┌─ Material supplied
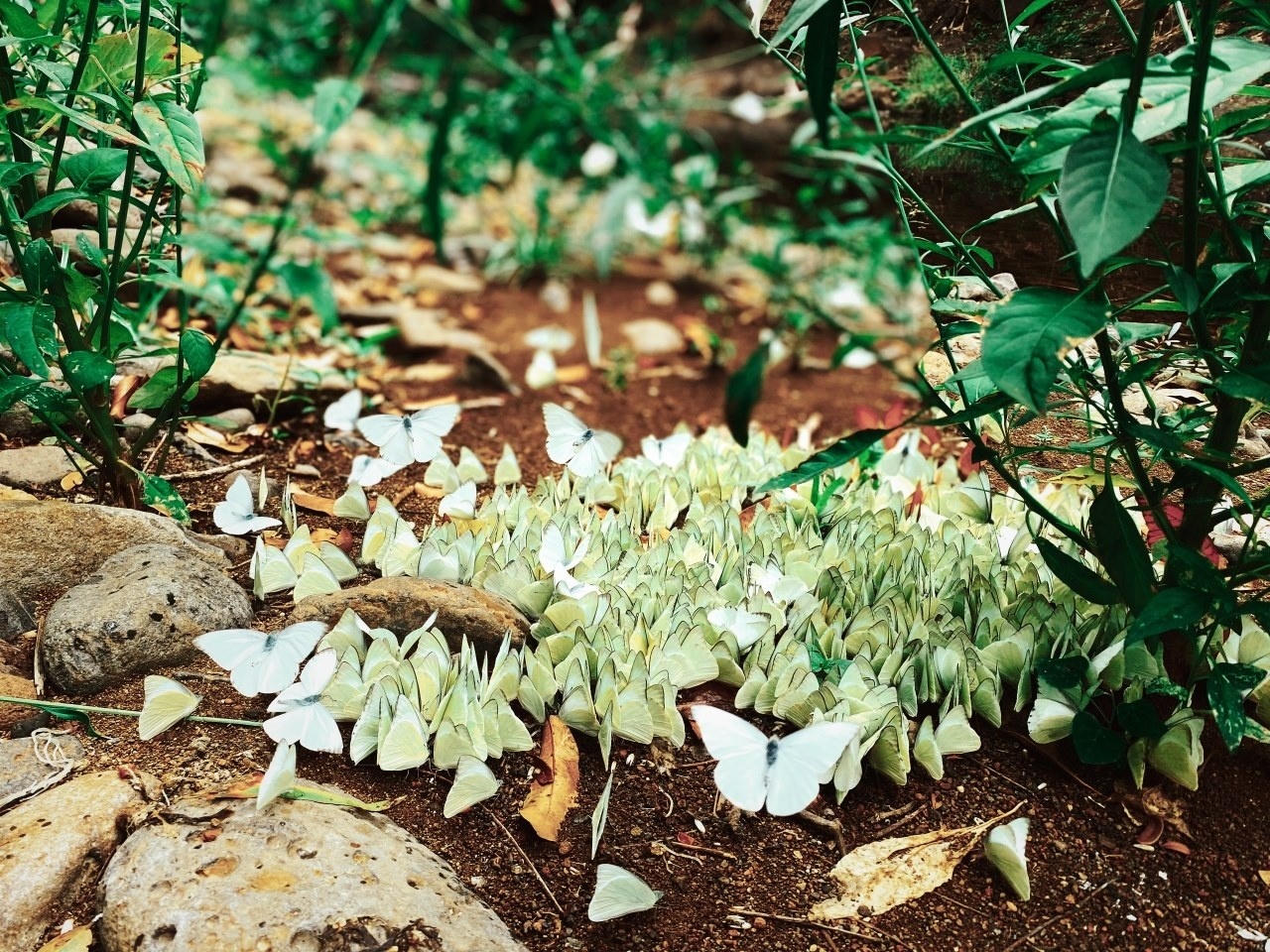 Gợi ý 3 khu rừng nhiệt đới gần TP. Hồ Chí Minh cho kỳ nghỉ lễ 30/4 và 1/5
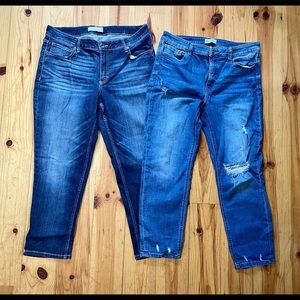 3 PAIRS OF WOMENS JEANS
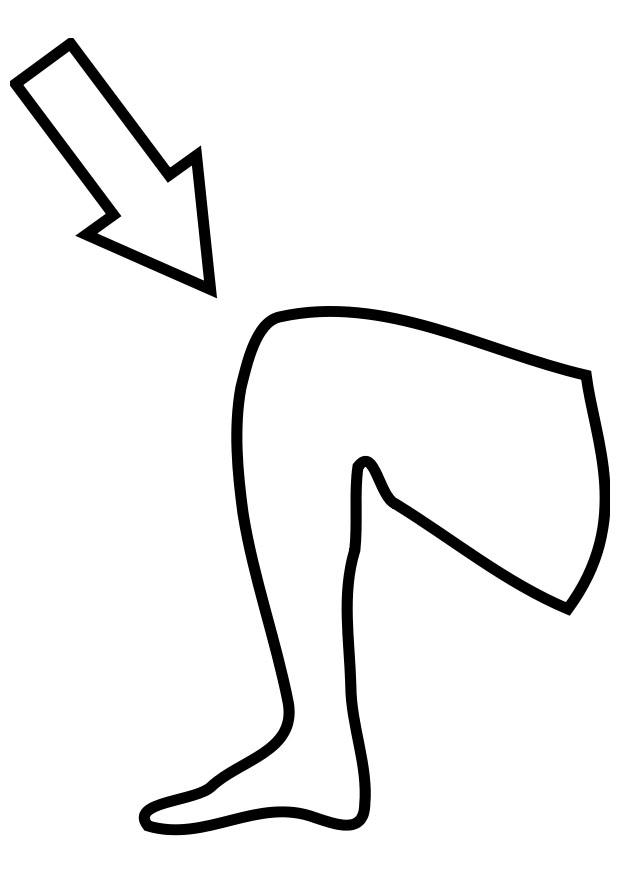 Fargeleggingsbilde kne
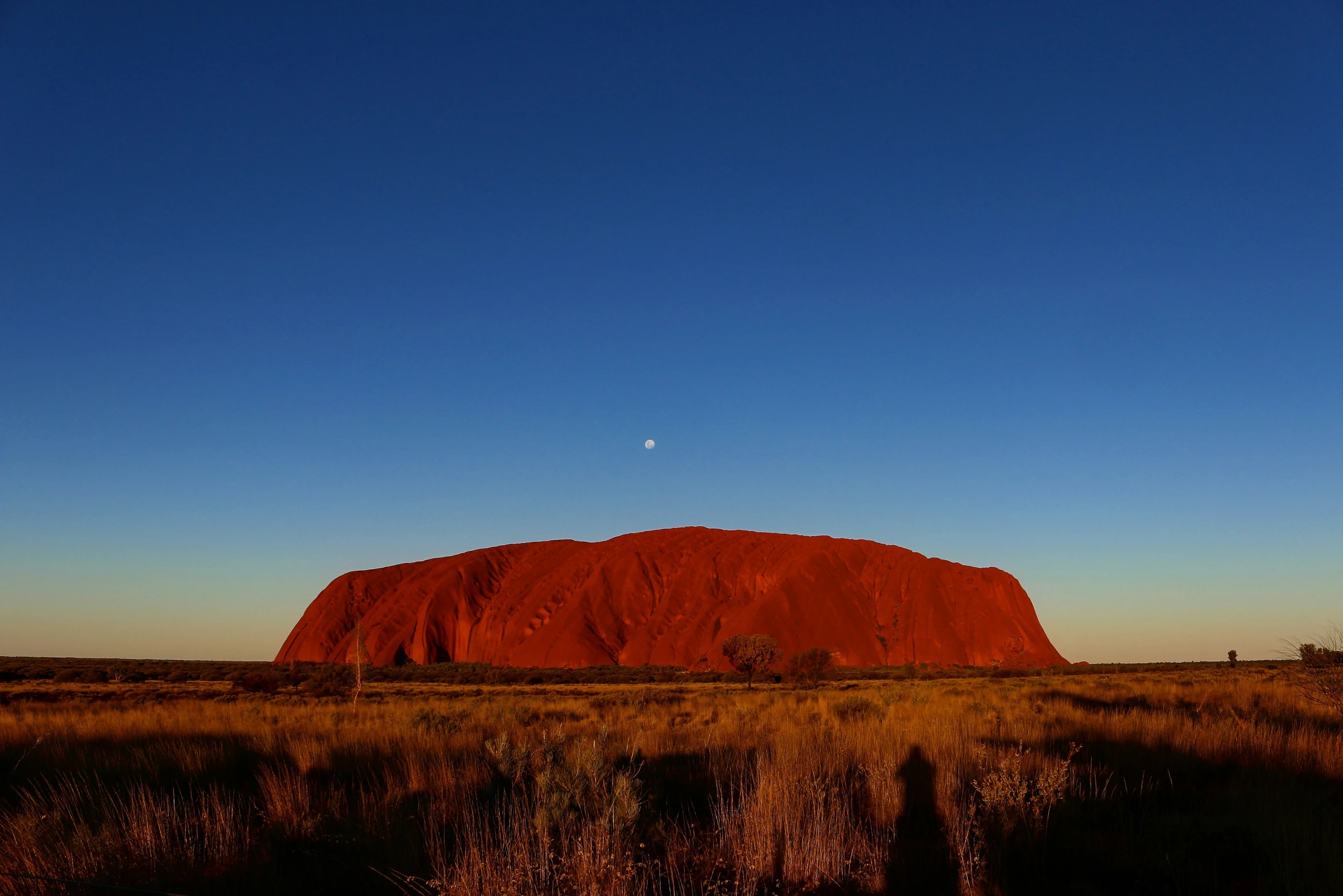 a large rock in the distance and a clear blue sky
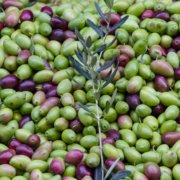 Die Oliven für Aiolos Faires Olivenöl werden frühreif geerntet.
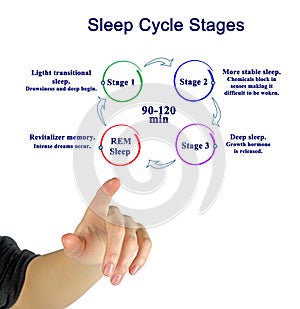 Sleep Cycle Stages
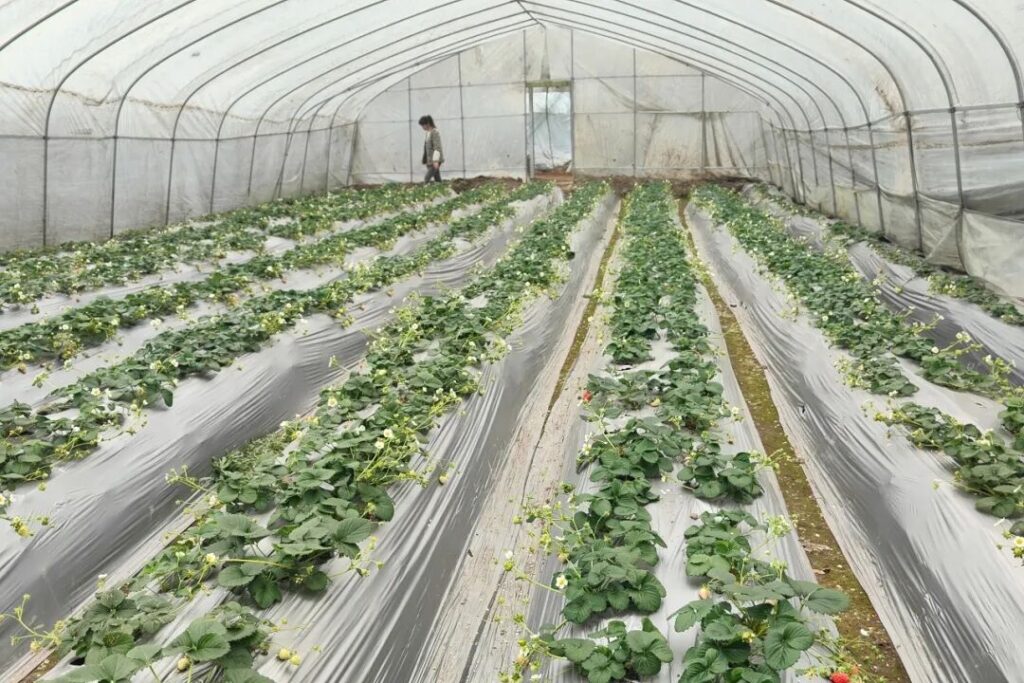 屏山县龙华镇：遇见“莓”好时光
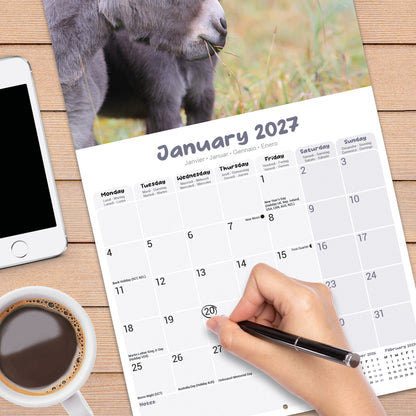 Donkeys Wall Calendar 2027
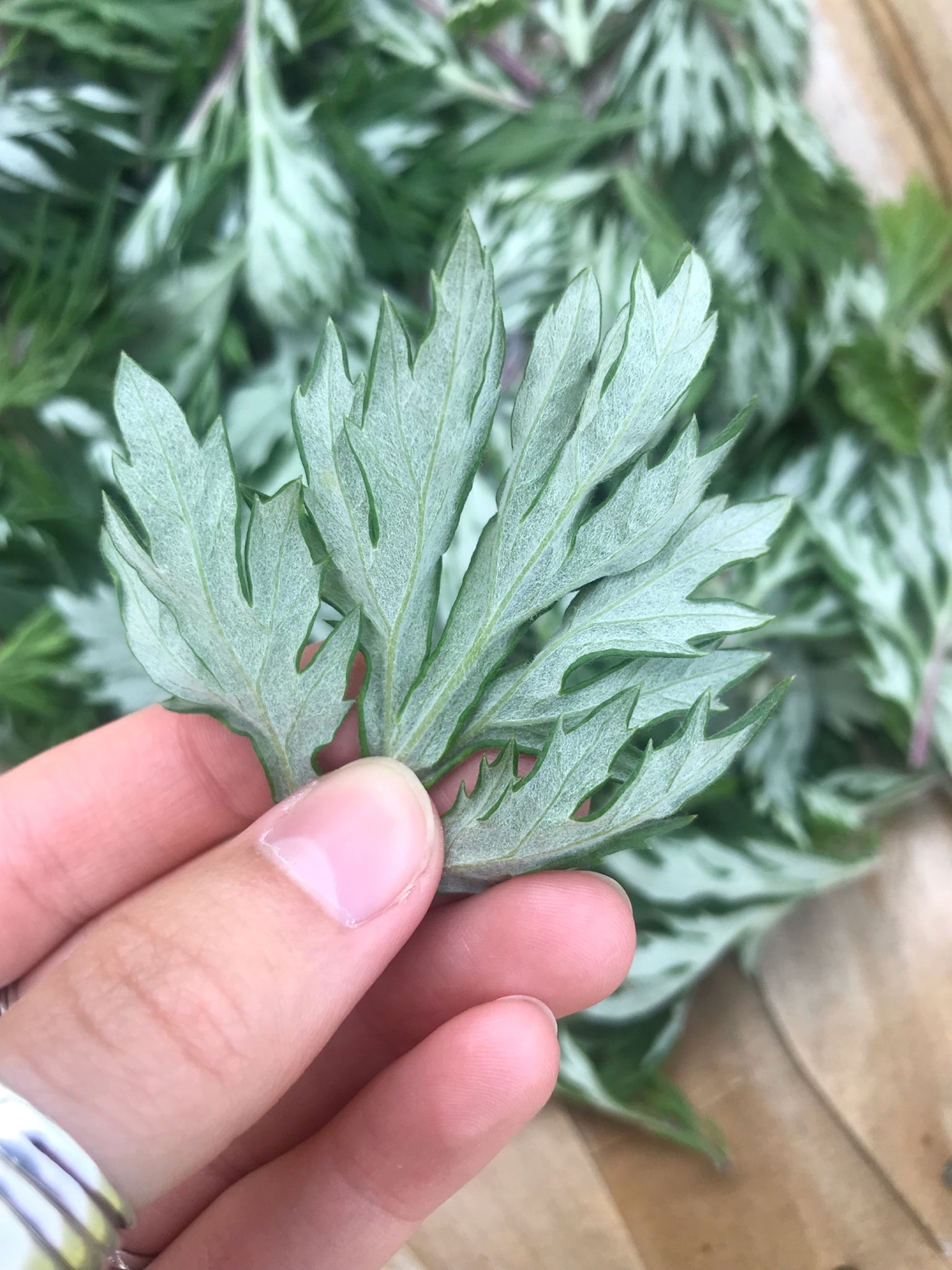 Mugwort - Artemisia vulgaris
└─
_Task description_
I'd like every record above written out again exactly, without the pictures.

_Solution for this exercise_
 Gợi ý 3 khu rừng nhiệt đới gần TP. Hồ Chí Minh cho kỳ nghỉ lễ 30/4 và 1/5
 3 PAIRS OF WOMENS JEANS
 Fargeleggingsbilde kne
 a large rock in the distance and a clear blue sky
 Die Oliven für Aiolos Faires Olivenöl werden frühreif geerntet.
 Sleep Cycle Stages
 屏山县龙华镇：遇见“莓”好时光
 Donkeys Wall Calendar 2027
 Mugwort - Artemisia vulgaris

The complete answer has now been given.